Transferable two-stream convolutional neural network for human action recognition

Abstract

Human-Robot Collaboration (HRC), which enables a workspace where human and robot can dynamically and safely collaborate for improved operational efficiency, has been identified as a key element in smart manufacturing. Human action recognition plays a key role in the realization of HRC, as it helps identify current human action and provides the basis for future action prediction and robot planning. While Deep Learning (DL) has demonstrated great potential in advancing human action recognition, effectively leveraging the temporal information of human motions to improve the accuracy and robustness of action recognition has remained as a challenge.
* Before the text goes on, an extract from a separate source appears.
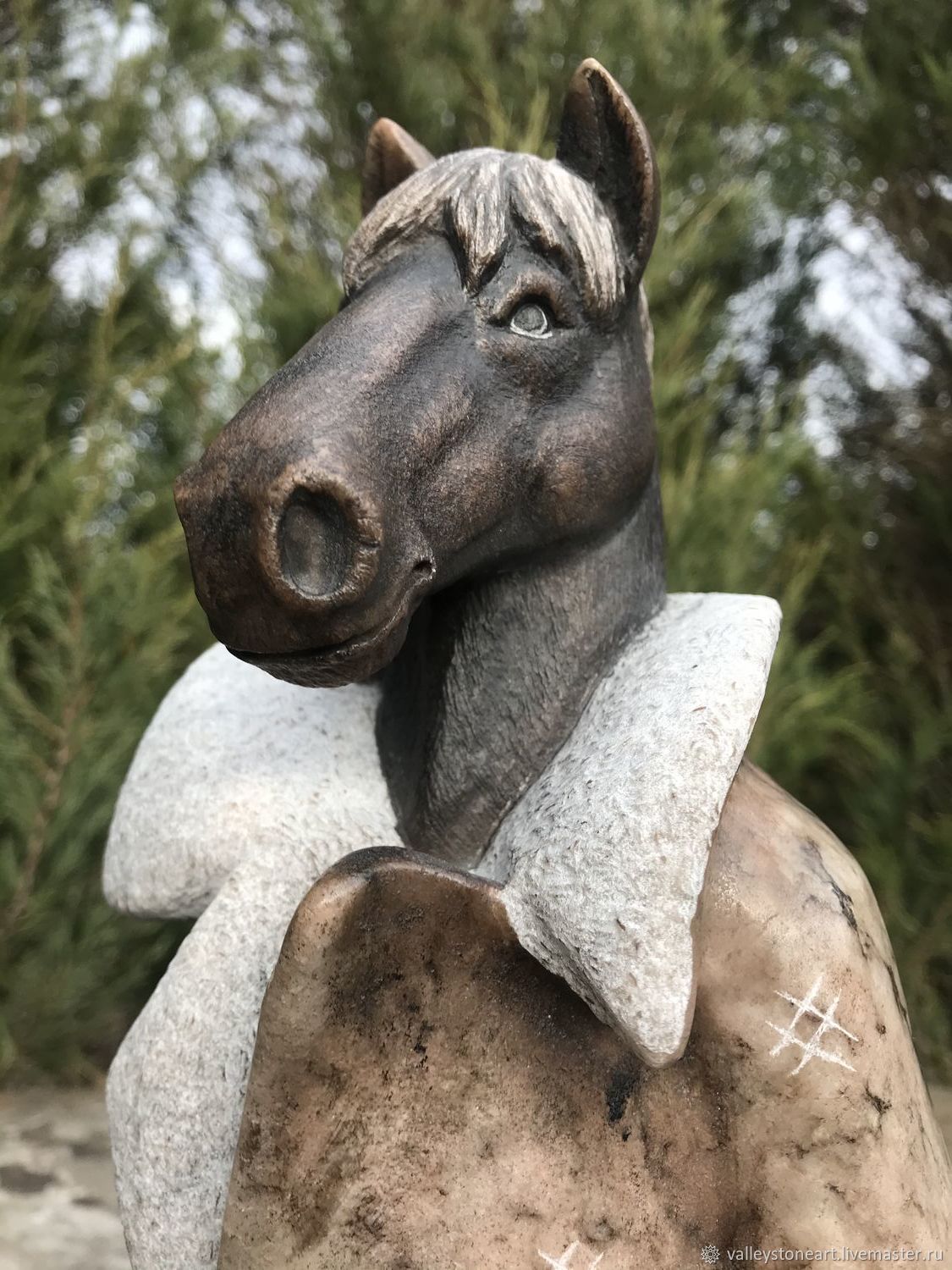 Скульптура конь в пальто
Furthermore, it is often difficult to obtain a large volume of data for DL network training and optimization, due to operational constraints in a realistic manufacturing setting. This paper presents an integrated method to address these two challenges, based on the optical flow and convolutional neural network (CNN)-based transfer learning. Specifically, optical flow images, which encode the temporal information of human motion, are extracted and serve as the input to a two-stream CNN structure for simultaneous parsing of spatial-temporal information of human motion. Subsequently, transfer learning is investigated to transfer the feature extraction capability of a pretrained CNN to manufacturing scenarios. Evaluation using engine block assembly confirmed the effectiveness of the developed method.